Data in this exercise START

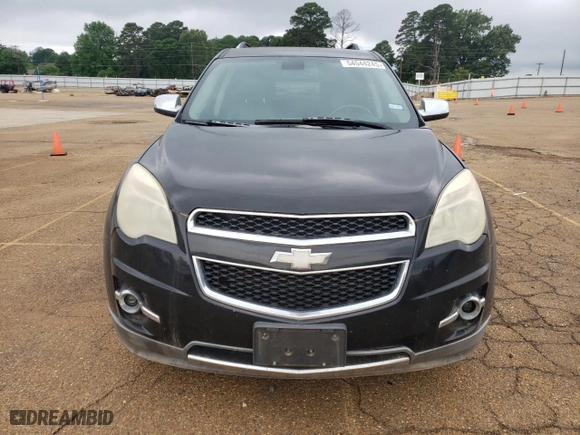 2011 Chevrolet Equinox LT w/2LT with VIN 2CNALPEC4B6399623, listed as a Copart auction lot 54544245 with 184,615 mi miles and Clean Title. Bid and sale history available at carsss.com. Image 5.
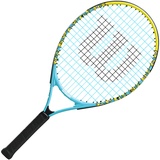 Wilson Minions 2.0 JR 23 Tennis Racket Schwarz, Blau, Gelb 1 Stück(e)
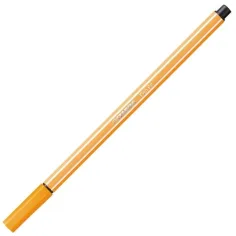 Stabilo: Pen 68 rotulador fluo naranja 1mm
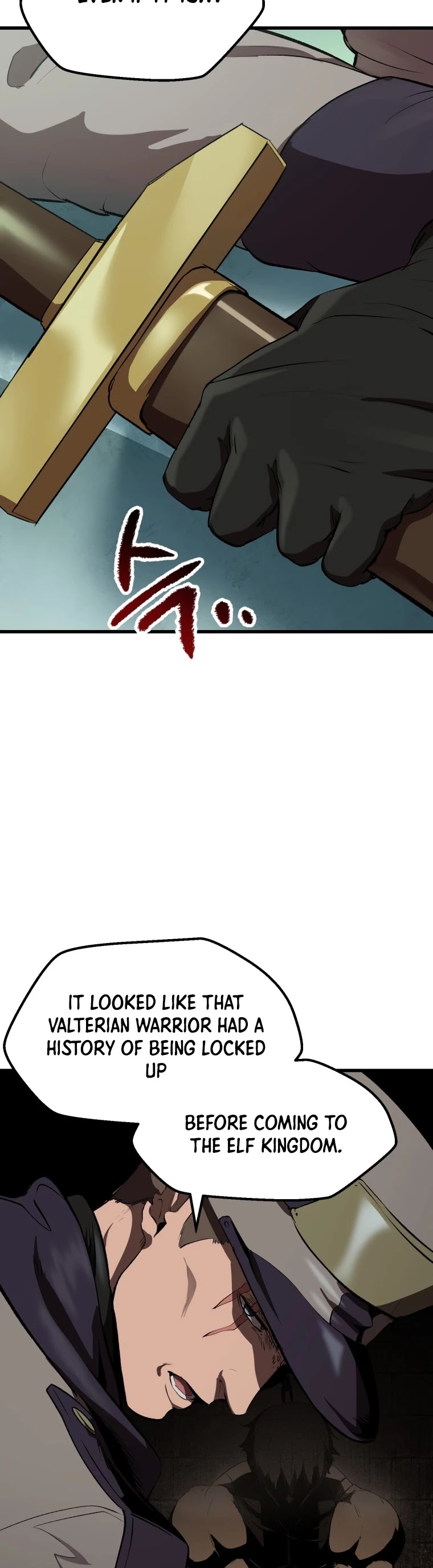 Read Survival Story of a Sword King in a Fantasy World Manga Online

Data in this exercise END
Data in this exercise START

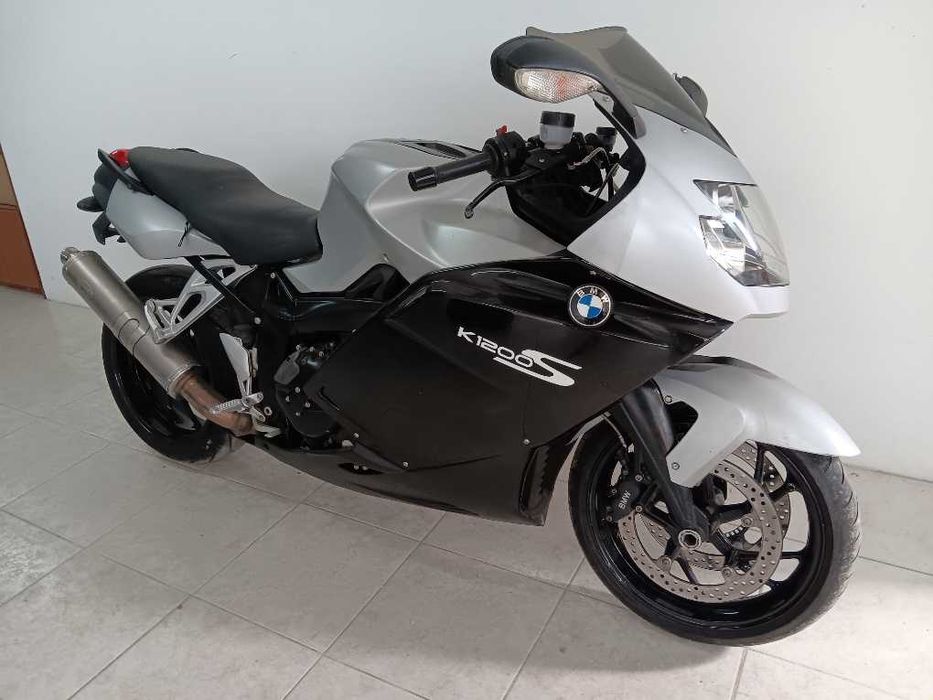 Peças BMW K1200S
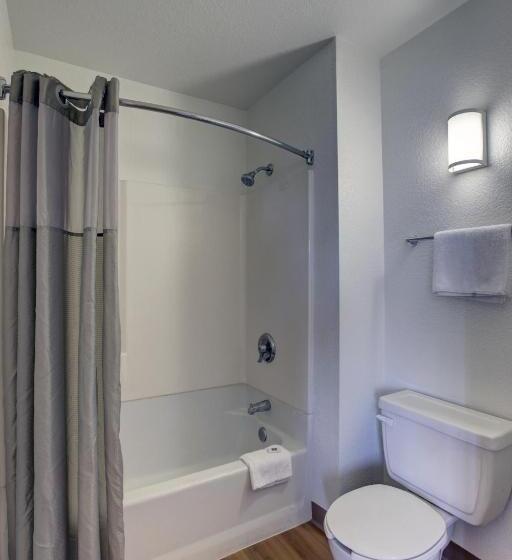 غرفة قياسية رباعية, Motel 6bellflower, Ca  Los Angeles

Data in this exercise END

- [Activity]:
From the material above, output only the span of lines that starts at the one containing "Stabilo: Pen 68 rotulador fluo naranja 1mm" and finishes at the one containing "Read Survival Story", word for word and free of pictures.

- [Reply]:
 Stabilo: Pen 68 rotulador fluo naranja 1mm
 Read Survival Story of a Sword King in a Fantasy World Manga Online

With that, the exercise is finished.